BLG – „Logistiker mit eigenem Hafen“

Tristesse im Überseehafen. Das alte Hafenkonzept war an seine Grenzen gestoßen. Nach dem Aus des „Vulkan“ drohte die nächste Katastrophe: Ein asiatischer Investor prüfte den Kauf der altehrwürdigen Bremer Lagerhausgesellschaft. Heinz Bamberger gestaltete den Wandel zum internationalen Logistikkonzern mit.

Als Heinz Bamberger Anfang der 1980er Jahre aus einer Spedition zur BLG ging, ahnte er nicht, auf welch dramatischen Wandel er sich einlassen würde.

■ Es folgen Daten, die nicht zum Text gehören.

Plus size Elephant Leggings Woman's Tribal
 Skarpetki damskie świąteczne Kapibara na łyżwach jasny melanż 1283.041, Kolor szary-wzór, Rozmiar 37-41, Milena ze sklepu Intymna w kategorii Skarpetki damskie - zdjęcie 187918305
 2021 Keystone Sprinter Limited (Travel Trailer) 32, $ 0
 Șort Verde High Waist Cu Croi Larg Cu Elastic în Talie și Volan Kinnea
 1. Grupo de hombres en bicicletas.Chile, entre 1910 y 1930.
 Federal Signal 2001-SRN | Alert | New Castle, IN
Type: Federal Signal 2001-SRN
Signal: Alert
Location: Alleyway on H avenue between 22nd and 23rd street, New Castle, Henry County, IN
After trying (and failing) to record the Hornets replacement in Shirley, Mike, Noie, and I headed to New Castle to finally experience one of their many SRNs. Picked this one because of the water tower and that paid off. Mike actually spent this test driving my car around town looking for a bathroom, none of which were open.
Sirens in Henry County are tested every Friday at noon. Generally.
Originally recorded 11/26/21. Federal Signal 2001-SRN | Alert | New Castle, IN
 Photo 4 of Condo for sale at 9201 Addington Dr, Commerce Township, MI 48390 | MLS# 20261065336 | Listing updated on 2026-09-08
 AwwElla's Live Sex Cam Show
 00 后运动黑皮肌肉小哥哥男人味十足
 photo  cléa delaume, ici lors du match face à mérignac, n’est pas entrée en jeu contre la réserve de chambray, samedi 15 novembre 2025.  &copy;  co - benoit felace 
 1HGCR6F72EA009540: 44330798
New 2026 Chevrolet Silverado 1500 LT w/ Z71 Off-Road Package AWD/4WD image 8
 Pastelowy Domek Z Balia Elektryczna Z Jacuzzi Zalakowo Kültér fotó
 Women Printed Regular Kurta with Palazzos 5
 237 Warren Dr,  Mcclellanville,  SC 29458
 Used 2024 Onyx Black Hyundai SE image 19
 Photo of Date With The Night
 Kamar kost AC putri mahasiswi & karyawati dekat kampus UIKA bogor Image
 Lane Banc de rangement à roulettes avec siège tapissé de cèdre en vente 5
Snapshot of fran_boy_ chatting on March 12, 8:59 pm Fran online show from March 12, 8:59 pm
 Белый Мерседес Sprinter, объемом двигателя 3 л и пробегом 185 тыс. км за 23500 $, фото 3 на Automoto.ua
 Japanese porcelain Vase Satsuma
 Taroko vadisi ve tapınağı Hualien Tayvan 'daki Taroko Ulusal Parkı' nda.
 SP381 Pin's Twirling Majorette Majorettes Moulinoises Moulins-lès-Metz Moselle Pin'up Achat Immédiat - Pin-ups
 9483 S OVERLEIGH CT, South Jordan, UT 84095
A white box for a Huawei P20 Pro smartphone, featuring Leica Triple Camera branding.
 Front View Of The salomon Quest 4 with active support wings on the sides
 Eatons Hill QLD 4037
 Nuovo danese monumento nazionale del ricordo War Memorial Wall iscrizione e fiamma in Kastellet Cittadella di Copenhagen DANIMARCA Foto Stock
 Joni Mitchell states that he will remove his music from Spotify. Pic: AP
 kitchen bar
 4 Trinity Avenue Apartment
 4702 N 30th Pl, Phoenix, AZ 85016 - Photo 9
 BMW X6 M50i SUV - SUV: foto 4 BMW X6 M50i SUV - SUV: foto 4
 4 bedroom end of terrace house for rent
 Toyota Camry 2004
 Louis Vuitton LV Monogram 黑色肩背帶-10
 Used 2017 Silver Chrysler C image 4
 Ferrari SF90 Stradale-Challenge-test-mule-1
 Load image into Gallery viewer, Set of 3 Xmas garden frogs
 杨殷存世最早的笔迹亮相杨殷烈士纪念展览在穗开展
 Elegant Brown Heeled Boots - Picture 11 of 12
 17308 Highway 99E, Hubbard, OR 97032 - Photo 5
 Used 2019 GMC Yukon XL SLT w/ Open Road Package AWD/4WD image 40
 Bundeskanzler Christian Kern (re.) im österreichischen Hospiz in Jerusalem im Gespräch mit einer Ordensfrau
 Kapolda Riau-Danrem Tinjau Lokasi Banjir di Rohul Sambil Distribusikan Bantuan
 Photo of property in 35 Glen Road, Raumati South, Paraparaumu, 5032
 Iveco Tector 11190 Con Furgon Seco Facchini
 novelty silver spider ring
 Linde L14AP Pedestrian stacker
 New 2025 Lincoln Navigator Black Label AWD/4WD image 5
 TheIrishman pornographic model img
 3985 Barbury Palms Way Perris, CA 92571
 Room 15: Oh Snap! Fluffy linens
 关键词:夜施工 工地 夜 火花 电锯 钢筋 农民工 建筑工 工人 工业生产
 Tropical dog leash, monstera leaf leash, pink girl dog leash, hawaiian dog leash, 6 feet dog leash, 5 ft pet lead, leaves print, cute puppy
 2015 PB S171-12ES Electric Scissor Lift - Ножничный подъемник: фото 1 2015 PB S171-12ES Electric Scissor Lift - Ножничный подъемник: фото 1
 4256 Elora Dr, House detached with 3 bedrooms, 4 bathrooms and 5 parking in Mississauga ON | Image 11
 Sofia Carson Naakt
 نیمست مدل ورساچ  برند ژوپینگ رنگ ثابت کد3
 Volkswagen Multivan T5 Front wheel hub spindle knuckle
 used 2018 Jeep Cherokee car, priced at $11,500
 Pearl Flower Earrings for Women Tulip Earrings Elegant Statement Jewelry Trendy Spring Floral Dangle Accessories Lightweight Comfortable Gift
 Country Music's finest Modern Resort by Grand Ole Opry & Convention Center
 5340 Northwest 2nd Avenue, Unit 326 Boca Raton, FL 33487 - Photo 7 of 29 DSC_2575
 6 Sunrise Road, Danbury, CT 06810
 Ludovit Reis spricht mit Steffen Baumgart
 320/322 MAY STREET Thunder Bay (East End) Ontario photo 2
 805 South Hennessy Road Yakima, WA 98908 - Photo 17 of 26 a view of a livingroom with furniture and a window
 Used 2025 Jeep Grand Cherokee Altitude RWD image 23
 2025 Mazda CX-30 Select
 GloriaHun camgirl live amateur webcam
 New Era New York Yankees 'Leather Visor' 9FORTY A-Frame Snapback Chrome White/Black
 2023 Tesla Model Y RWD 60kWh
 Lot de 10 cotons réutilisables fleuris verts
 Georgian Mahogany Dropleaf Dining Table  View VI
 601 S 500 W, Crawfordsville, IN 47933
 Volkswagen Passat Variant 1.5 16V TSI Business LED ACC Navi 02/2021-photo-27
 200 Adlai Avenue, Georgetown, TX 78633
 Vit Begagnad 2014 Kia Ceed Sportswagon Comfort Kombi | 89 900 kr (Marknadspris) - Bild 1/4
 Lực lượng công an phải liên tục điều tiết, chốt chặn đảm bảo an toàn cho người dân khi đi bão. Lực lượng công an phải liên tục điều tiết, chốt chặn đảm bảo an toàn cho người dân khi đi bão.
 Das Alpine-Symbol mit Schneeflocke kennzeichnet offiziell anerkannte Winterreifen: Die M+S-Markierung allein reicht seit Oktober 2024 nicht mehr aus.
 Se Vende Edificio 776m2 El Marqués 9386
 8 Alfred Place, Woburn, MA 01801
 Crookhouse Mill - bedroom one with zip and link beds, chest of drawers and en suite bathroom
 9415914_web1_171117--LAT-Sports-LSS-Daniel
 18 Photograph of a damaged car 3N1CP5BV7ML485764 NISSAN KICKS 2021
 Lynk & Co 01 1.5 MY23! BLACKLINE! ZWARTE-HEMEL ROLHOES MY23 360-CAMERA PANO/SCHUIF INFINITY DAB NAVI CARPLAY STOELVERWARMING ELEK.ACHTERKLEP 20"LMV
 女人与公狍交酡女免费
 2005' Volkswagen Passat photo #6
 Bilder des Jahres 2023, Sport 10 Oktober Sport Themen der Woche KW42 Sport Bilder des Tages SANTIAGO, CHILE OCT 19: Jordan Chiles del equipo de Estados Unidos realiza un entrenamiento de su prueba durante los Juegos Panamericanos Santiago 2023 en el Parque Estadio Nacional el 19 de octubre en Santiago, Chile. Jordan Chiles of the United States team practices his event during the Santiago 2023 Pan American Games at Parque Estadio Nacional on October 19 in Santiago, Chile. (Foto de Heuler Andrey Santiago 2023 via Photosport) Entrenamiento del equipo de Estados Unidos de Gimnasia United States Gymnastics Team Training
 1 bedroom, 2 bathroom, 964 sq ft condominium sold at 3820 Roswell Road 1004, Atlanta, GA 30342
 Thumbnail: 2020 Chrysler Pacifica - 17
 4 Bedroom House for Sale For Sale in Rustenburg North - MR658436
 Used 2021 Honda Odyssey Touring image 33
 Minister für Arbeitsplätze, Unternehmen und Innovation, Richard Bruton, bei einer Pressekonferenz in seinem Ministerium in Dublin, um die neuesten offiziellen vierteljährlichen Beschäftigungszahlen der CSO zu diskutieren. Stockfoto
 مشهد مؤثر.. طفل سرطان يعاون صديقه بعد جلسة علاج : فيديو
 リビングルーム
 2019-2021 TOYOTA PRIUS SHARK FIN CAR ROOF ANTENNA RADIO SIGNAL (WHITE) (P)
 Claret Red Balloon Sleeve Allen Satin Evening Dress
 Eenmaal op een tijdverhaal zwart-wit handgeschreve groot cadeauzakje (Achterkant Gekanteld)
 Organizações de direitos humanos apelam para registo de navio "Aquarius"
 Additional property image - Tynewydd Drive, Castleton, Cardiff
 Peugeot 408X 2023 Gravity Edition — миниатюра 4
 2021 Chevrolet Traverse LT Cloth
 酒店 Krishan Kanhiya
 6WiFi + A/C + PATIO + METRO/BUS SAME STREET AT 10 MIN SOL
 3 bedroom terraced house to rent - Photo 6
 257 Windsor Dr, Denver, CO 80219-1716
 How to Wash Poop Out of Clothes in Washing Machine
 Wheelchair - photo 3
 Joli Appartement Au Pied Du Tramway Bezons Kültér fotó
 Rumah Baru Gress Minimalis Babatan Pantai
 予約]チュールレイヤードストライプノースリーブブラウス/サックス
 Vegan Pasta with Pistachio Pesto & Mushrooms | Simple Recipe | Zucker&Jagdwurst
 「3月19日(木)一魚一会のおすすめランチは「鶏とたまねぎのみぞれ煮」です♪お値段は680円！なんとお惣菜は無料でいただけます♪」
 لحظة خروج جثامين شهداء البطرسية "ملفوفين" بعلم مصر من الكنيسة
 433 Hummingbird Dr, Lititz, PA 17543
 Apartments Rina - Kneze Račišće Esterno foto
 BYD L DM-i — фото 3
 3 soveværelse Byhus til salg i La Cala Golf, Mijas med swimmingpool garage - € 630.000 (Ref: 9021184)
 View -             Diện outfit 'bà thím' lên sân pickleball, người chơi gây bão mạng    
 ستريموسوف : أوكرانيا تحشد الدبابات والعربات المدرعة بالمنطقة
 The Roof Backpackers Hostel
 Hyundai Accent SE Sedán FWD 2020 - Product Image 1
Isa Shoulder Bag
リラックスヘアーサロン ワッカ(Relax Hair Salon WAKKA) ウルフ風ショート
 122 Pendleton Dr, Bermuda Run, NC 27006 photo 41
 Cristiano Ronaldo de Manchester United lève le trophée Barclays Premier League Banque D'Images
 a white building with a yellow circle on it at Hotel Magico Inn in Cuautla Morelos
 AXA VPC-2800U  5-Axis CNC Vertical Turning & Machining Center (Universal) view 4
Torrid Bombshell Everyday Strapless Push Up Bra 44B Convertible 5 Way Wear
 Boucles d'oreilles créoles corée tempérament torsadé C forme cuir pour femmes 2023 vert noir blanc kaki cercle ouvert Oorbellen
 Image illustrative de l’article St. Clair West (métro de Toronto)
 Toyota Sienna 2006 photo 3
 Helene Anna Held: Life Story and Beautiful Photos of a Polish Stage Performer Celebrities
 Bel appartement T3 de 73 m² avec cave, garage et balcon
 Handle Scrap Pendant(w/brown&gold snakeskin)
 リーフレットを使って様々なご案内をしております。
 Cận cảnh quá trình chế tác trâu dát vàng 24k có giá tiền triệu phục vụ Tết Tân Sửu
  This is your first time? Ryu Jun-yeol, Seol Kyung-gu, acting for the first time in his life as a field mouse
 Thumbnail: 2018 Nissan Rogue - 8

Heinz Bamberger wurde nicht entlassen, im Gegenteil: In der Krise war er an entscheidenden Weichenstellungen beteiligt. Die machten aus der alten „Bremer Lagerhausgesellschaft“ von 1877 die neue „BLG Logistics Group“. Die neuen Geschäftsmodelle nahmen Abschied vom alten Kerngeschäft, dem Umschlag der Güter vom Schiff in die Speicher hinter der Kaje, vom Betrieb der Kräne und dem Transport von Baumwollballen auf der Sackkarre. Der Siegeszug des Containers und die Globalisierung revolutionierten die Hafenwirtschaft.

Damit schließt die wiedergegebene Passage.